What is needed is an exact copy of every entry below, with the pictures left out.

[PROVIDED MATERIAL Boundary: Start]

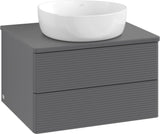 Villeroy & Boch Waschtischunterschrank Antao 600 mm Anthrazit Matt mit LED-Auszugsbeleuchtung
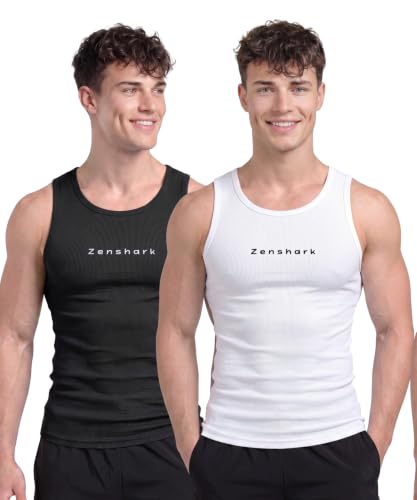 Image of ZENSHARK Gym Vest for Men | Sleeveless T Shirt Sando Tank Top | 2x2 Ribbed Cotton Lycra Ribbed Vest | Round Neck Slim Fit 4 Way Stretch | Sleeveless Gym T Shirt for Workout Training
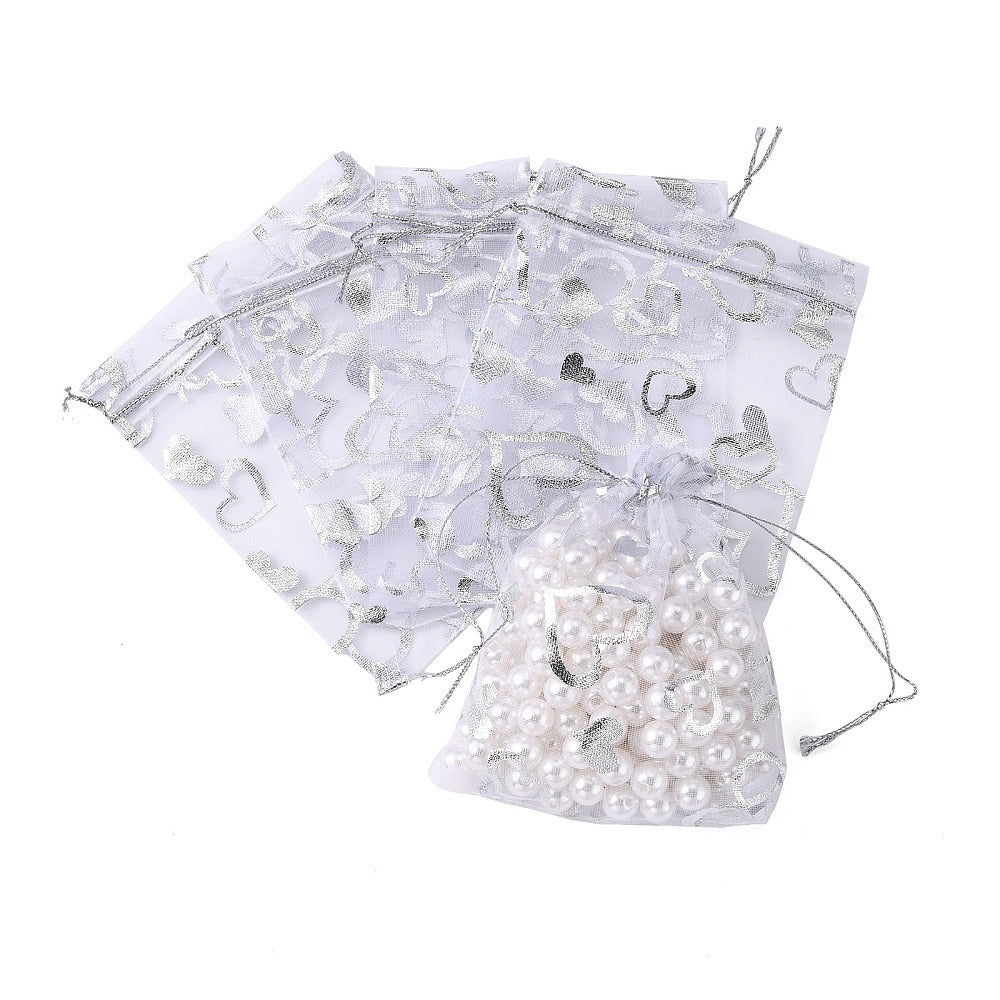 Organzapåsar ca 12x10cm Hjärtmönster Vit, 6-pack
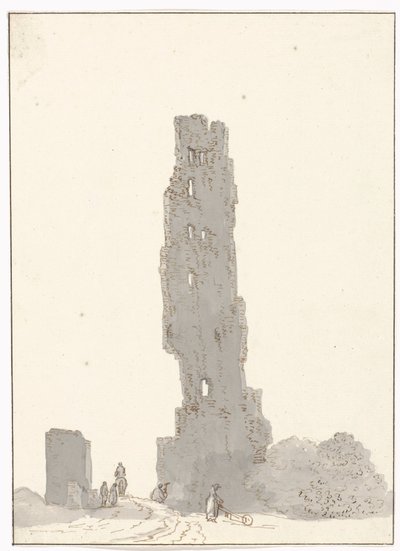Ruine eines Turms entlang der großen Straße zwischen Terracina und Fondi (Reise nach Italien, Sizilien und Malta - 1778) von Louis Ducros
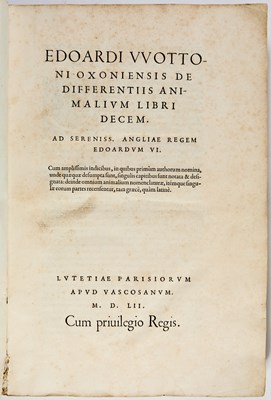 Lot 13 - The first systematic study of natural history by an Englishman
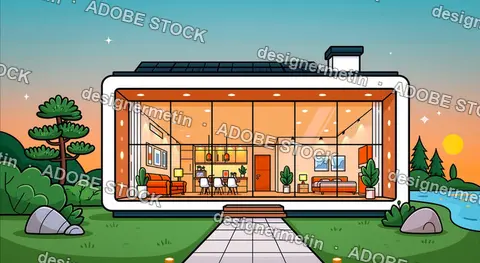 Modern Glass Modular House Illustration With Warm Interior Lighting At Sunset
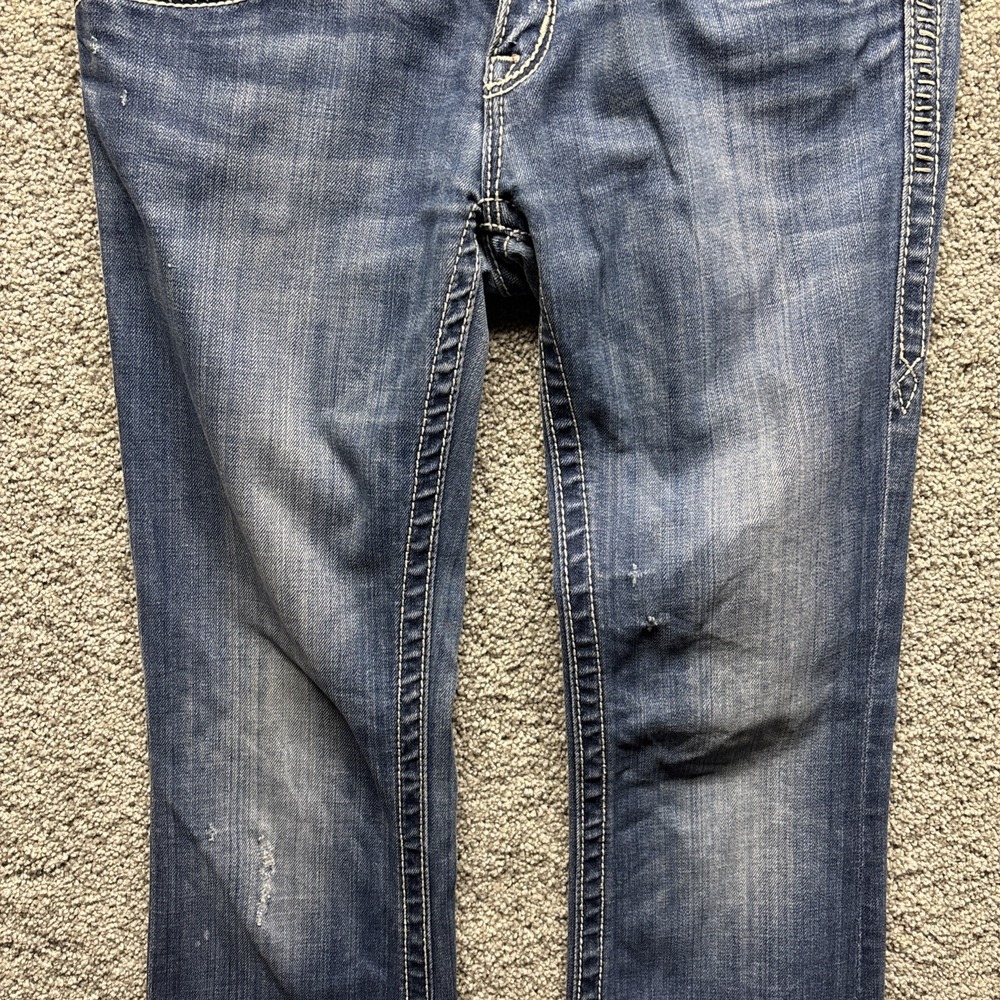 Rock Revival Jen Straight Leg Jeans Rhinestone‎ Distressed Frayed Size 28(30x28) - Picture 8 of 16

[PROVIDED MATERIAL Boundary: End]

RESPONSE TO THIS EXERCISE
 Villeroy & Boch Waschtischunterschrank Antao 600 mm Anthrazit Matt mit LED-Auszugsbeleuchtung
 Image of ZENSHARK Gym Vest for Men | Sleeveless T Shirt Sando Tank Top | 2x2 Ribbed Cotton Lycra Ribbed Vest | Round Neck Slim Fit 4 Way Stretch | Sleeveless Gym T Shirt for Workout Training
 Organzapåsar ca 12x10cm Hjärtmönster Vit, 6-pack
Ruine eines Turms entlang der großen Straße zwischen Terracina und Fondi (Reise nach Italien, Sizilien und Malta - 1778) von Louis Ducros
 Lot 13 - The first systematic study of natural history by an Englishman
 Modern Glass Modular House Illustration With Warm Interior Lighting At Sunset
 Rock Revival Jen Straight Leg Jeans Rhinestone‎ Distressed Frayed Size 28(30x28) - Picture 8 of 16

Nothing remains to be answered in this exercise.